There was applause as the result was read out, although the bill is likely to face stiff opposition when it is debated in the Lords next month, especially from the bishops.
The vote followed a marathon debate on Monday in which Cameron was forced to make a deal with the opposition Labour party to defeat a bid by his own rebellious Conservative MPs to scupper the bill.
Right-wing Tories had proposed an amendment to allow heterosexual couples to form civil partnerships, which was condemned by Cameron's office as a "wrecking amendment" that would have delayed the introduction of the new law.

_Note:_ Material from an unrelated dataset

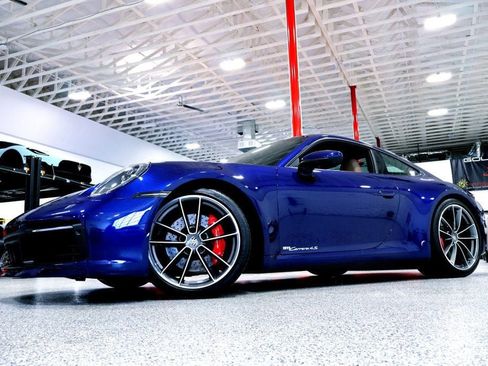 Used 2024 Porsche 911 Carrera 4S image 4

Although the motion was easily defeated with Labour's help, the depth of the Conservatives' divisions were made clear when it was revealed that 128 of its MPs had voted against the bill, 11 more than voted in favour.

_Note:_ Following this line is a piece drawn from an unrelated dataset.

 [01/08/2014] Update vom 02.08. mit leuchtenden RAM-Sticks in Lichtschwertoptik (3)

Britain has seen none of the mass protests over gay marriage held across the channel in France, which last weekend became the 14th country in the world to legalise it.
However, police said they had detained a woman after she tried to drive through the main gates of parliament shortly after the vote, but did not directly link the two events.
Some 54 percent of Britons are in favour of allowing same-sex couples to marry, according to a YouGov poll for the Sunday Times.
But lawmakers are sharply divided, and Conservative former minister Norman Tebbit stoked the row on Tuesday by claiming gay marriage could result in a lesbian queen giving birth to an heir by artificial insemination.
"When we have a queen who is a lesbian and she marries another lady and then decides she would like to have a child and someone donates sperm and she gives birth to a child, is that child heir to the throne?" he told The Big Issue magazine.
The rancour over gay marriage within the Conservatives has heaped further pressure on Cameron, who is already facing bitter opposition from many Tories over his leadership style and a promised referendum on Britain's EU membership.
The prime minister was forced to send a mass email to Conservative activists after an unnamed ally was reported to have called them "mad, swivel-eyed loons".
"I am proud of what you do. And I would never have around me those who sneered or thought otherwise," he wrote.
The "loons" comment fuelled accusations that Cameron is out of touch with traditional Tories and that the prime minister surrounds himself with people from his own privileged background.
Party co-chairman Lord Andrew Feldman, who strongly denies rumours he was behind the comment, was a schoolmate of Cameron's at the elite Eton College.
Many Conservative supporters fear that with a general election two years away, Cameron's backing for gay marriage is driving traditional Tory voters to the UK Independence Party (UKIP).
The anti-immigration, anti-EU party is a fast-rising force in British politics and made strong gains in local elections last month.
A new poll suggested that support for the Conservatives has slumped to 24 percent -- just two percent ahead of UKIP -- although a different poll put the Tories on 31 percent.
Cameron's promise to hold a referendum on Britain's membership of the European Union after the next election and by 2017 was intended to mitigate the impact of UKIP.
But last week, more than 100 Tory MPs took the unprecedented step of backing a motion expressing regret that the government's legislative plans for the year contained no guarantee of such a vote.